L’UE bénéficiera de la révision de la stratégie énergétique du Maroc
Depuis les premières mesures du gouvernement à la fin des années 1990, le Maroc a entrepris un examen approfondi de sa stratégie énergétique. Cette refonte a été réalisée grâce à un certain nombre de projets concrets. Tout d’abord, positionner le Maroc comme un acteur de premier plan en Afrique du Nord et en Méditerranée. Les premières tentatives ont consisté à entamer des négociations de joint-venture, au milieu des années 1990, sur le gazoduc Maghreb-Europe avec l’Algérie, l’Espagne et le Portugal.
Deuxièmement, développer la capacité de production d’électricité du Royaume, notamment par des modifications législatives permettant aux acteurs privés de développer des projets énergétiques. Il s’agit notamment de projets de grande envergure tels que le projet Jorf Lasfar, qui a récemment vu son accord d’achat d’électricité avec l’ONEE (Office national de l’électricité et de l’eau potable du Maroc) prolongé jusqu’en 2044.

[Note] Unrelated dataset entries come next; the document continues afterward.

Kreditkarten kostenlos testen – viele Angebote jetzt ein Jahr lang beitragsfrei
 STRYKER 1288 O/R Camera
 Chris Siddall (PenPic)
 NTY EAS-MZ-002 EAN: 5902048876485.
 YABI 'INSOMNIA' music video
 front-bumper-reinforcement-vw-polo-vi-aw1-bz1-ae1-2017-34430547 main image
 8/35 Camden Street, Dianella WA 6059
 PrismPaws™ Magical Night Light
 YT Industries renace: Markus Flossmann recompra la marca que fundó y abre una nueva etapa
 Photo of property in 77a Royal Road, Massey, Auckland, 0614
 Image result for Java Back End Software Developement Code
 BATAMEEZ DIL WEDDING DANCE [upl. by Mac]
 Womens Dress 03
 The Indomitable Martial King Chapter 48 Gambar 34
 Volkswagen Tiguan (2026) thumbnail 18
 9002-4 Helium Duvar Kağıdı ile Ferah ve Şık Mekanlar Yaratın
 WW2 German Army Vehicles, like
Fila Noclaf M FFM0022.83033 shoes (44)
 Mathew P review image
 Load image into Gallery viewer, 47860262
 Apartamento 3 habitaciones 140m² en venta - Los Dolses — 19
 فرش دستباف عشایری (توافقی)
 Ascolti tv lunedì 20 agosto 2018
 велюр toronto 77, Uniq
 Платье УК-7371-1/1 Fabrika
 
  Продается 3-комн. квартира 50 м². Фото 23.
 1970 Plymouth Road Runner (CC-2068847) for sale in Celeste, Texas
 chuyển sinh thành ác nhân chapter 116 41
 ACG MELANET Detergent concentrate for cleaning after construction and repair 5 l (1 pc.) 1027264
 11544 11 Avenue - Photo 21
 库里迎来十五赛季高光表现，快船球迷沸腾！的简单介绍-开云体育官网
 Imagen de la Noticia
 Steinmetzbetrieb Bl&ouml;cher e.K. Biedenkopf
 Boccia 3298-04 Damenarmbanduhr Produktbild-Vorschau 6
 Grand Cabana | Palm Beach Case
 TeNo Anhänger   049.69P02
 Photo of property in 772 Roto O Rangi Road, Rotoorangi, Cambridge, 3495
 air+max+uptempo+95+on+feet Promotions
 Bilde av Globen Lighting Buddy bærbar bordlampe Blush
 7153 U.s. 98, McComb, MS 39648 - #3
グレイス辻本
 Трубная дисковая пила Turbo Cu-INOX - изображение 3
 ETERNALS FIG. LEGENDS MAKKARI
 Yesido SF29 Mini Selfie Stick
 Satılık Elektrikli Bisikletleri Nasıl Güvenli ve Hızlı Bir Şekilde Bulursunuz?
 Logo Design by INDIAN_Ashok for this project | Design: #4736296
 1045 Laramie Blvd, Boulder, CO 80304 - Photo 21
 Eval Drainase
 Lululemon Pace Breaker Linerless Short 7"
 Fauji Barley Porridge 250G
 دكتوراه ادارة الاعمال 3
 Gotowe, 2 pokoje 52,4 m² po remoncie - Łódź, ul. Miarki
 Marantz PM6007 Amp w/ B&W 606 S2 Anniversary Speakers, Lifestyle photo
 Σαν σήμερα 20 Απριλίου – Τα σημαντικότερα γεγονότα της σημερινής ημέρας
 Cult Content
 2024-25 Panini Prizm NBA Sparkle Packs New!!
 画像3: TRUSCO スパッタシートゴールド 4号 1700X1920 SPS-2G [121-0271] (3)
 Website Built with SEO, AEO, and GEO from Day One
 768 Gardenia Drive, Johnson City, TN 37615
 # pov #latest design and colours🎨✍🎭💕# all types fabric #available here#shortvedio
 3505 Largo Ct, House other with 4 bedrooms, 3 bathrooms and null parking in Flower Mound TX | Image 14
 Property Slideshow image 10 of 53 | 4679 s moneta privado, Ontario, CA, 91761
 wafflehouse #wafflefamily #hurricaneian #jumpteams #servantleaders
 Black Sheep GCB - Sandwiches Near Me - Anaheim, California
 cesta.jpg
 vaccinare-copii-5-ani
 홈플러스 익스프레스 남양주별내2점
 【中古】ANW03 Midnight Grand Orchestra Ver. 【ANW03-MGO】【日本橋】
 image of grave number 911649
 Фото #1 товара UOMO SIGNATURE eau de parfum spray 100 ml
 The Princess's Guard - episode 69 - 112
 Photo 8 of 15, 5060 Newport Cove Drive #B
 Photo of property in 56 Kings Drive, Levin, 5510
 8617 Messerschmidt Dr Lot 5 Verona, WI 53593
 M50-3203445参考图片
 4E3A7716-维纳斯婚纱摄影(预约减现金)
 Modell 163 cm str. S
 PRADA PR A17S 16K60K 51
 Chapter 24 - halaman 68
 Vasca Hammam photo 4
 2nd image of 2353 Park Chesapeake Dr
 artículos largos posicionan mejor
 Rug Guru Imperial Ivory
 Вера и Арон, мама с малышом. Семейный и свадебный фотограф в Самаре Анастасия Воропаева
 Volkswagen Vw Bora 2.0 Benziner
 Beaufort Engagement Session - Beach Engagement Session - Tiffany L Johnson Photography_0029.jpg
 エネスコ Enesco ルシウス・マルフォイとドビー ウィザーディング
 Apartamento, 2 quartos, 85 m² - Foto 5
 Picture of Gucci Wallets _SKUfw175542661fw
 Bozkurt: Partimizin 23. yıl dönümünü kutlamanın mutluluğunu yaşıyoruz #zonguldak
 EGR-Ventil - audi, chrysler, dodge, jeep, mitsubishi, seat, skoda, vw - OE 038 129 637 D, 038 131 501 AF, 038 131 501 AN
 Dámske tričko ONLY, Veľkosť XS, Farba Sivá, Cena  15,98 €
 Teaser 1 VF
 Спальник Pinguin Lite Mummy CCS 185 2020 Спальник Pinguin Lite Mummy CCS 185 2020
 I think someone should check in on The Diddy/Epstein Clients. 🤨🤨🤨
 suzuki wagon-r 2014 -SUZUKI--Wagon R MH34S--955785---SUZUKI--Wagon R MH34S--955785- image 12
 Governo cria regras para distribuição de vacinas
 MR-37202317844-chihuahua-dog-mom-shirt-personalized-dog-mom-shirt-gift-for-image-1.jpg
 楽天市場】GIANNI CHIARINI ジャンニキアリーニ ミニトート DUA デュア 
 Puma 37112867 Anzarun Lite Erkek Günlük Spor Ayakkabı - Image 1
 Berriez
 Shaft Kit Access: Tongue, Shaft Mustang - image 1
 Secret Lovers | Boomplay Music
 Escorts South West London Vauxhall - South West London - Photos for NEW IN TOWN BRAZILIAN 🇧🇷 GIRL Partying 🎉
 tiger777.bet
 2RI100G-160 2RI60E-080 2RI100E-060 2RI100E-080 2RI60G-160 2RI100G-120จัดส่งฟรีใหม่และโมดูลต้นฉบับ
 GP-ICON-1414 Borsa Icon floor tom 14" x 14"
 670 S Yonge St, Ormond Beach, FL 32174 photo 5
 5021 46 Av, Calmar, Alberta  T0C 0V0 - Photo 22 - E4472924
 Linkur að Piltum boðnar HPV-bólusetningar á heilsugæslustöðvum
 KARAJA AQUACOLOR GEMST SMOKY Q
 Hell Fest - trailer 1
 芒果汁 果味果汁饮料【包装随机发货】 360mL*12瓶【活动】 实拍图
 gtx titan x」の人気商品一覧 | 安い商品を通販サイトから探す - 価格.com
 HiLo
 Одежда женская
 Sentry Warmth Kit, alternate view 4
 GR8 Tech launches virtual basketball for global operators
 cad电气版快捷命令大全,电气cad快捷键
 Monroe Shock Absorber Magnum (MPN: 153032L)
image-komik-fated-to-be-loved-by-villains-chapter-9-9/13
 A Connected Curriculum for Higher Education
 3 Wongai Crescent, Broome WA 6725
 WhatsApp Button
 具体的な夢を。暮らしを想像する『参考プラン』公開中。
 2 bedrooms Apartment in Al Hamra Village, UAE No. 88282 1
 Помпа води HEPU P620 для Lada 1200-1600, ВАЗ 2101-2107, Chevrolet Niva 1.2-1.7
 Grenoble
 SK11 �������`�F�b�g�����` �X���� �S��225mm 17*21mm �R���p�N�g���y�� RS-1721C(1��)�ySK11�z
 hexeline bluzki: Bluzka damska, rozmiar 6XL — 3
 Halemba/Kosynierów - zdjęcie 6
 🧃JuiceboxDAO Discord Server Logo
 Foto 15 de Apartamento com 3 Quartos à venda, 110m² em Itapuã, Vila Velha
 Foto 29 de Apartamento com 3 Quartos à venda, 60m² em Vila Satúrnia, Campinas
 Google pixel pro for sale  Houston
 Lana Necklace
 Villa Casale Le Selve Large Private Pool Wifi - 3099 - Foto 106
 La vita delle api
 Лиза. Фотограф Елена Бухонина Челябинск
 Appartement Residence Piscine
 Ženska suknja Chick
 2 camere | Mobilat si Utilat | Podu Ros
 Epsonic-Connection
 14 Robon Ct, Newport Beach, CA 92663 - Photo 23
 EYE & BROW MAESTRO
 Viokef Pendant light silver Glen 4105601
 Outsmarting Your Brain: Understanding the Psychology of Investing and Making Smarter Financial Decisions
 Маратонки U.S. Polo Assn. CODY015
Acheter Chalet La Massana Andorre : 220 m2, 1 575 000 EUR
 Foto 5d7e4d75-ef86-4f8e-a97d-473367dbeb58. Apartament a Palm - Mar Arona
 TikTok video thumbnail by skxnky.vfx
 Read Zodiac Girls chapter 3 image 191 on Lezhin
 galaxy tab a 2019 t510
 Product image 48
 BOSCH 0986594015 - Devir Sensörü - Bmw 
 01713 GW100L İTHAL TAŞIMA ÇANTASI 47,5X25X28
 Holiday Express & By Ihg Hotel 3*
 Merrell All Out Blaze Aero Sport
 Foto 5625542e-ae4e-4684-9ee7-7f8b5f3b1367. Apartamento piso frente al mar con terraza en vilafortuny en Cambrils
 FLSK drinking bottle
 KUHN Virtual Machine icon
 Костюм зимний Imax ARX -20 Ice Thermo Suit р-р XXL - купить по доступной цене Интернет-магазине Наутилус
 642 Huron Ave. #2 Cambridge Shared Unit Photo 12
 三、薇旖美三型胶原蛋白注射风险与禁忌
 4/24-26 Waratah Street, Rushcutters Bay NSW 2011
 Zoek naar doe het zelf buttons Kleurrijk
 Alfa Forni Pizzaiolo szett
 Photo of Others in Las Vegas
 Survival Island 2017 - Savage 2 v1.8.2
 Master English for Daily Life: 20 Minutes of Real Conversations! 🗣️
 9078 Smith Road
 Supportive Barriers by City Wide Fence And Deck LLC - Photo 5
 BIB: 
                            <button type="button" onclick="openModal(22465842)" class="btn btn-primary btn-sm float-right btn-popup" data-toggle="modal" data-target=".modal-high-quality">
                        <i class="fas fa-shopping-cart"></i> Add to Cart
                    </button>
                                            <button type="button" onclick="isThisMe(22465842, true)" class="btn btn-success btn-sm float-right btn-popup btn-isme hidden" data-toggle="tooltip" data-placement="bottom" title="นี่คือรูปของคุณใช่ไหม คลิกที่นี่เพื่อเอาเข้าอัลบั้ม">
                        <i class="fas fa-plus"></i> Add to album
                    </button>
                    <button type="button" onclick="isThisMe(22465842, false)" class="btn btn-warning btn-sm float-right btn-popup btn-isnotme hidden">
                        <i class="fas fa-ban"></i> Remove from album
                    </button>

Enfin, développer plus de projets renouvelables, y compris des projets d’énergie éolienne tels que le rééquipement du parc éolien de Koudia Al Baida dans le nord du Maroc, développé pour la première fois en 1997.
Le Maroc leader des énergies renouvelables
Depuis 2009, le Maroc a mis en place un ambitieux programme d’énergies renouvelables visant à augmenter la part des énergies renouvelables dans le réseau énergétique national à 42% d’ici 2021 et 52% d’ici 2030. Le programme marocain, qui définit des stratégies dédiées à l’éolien et au solaire, comprend le développement de plusieurs projets renouvelables par des promoteurs comme Nareva, Engie et ACWA. Les projets Noor développés par MASEN (l’Agence Marocaine de l’Energie Durable) devraient produire jusqu’à 582 MW lorsqu’ils seront pleinement opérationnels.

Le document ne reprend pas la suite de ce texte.